On May 1, President Trump posted on Truth Social that the EU was “not complying with our fully agreed to Trade Deal” and announced 25 percent tariffs on European automobiles, effective the following week. He offered no specifics about what the alleged noncompliance consisted of. The European Commission said the bloc remains “fully committed to a predictable, mutually beneficial transatlantic relationship” and rejected the claim that it had violated anything.


The announcement is not only a trade matter. It is a legal one. The Turnberry Agreement was built on the IEEPA tariff authority that the Supreme Court struck down in February. When the Court invalidated IEEPA as the basis for the original tariffs, it left the status of trade deals negotiated under that authority in legal limbo. A 15 percent cap written into a deal whose underlying legal mechanism has been ruled unconstitutional is not obviously enforceable — a point the administration has neither explained nor resolved.

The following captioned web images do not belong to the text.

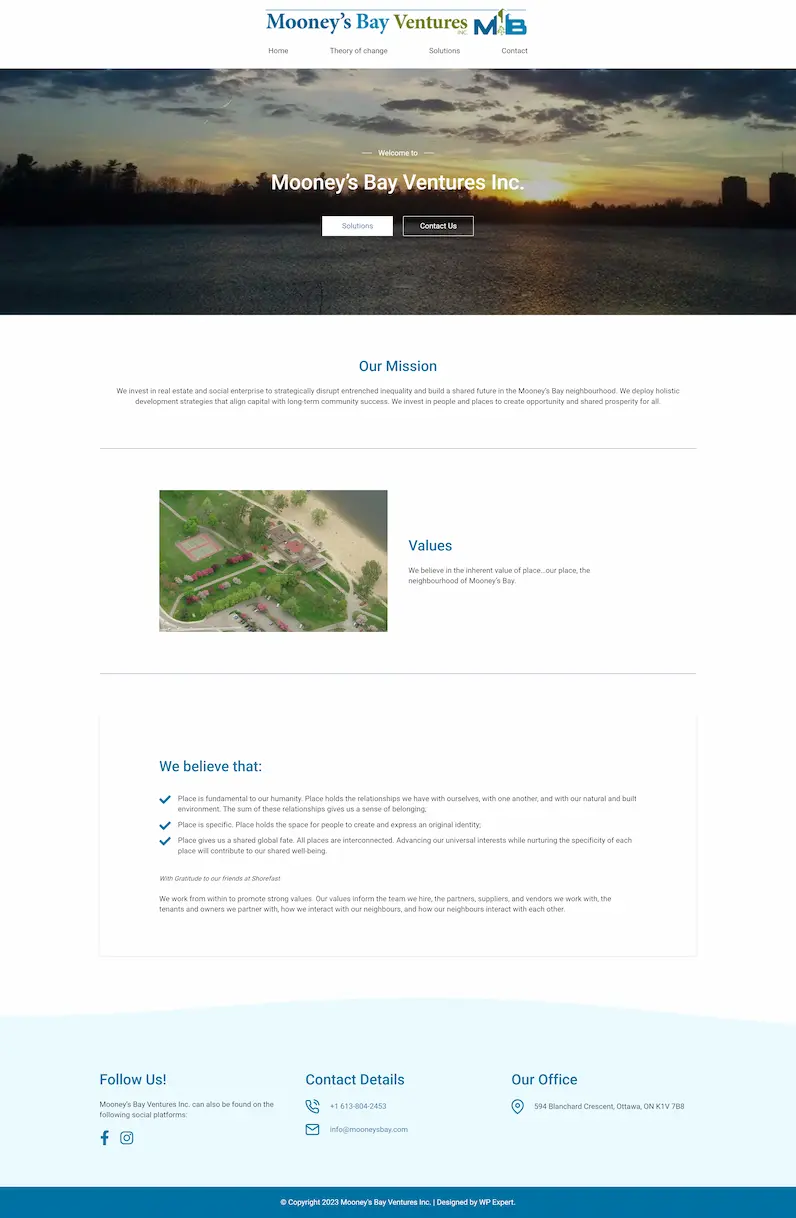 mooneysbay.com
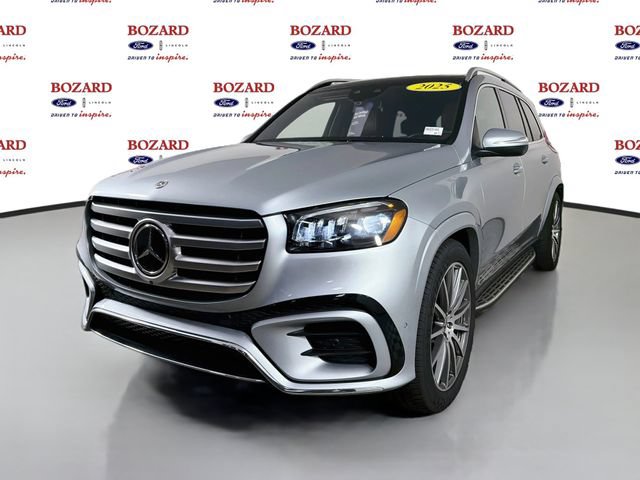 Used 2025 Mercedes-Benz GLS 450 4MATIC image 4
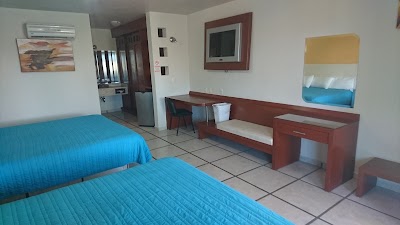 Photos of Splash Inn Hotel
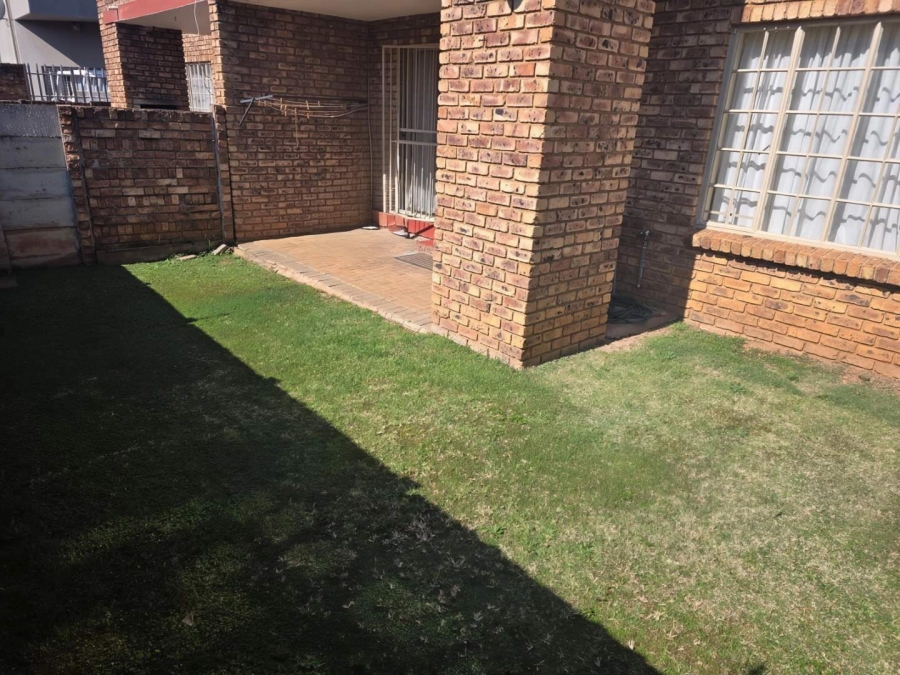 To Let 2 Bedroom Property for Rent in Pierre Van Ryneveld Gauteng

What the announcement signals is that the administration is not treating the Turnberry Agreement as a binding constraint. Trump added in his post that companies producing cars and trucks in the United States would face no tariff at all, an implicit invitation for European manufacturers to relocate production — and a pressure tactic that European governments have seen before. VDA, the German auto industry association, urged both sides to honor the existing agreement. The German automobile industry is among the most exposed to this shift, and the timing compounds pressure on an EU economy already weakened by the effects of the Iran war on energy markets.


The episode is a compressed illustration of how American trade policy has operated in the second Trump term. Agreements are announced with considerable ceremony, treated as stabilizing facts for a period, and then renegotiated or simply departed from when the administration wants new leverage. European governments have learned to plan around this variability, which is itself a cost — the uncertainty suppresses investment and strains the political relationships that make cooperation on other matters possible.

What to watch: whether the EU invokes its anti-coercion instrument — the bloc prepared it for exactly this scenario — or whether it absorbs the pressure and seeks a quiet bilateral resolution. The EU has historically preferred negotiation to escalation. But the political cost of appearing to capitulate on a signed agreement is not zero, and elections in several member states make the calculation more complicated than it was a year ago.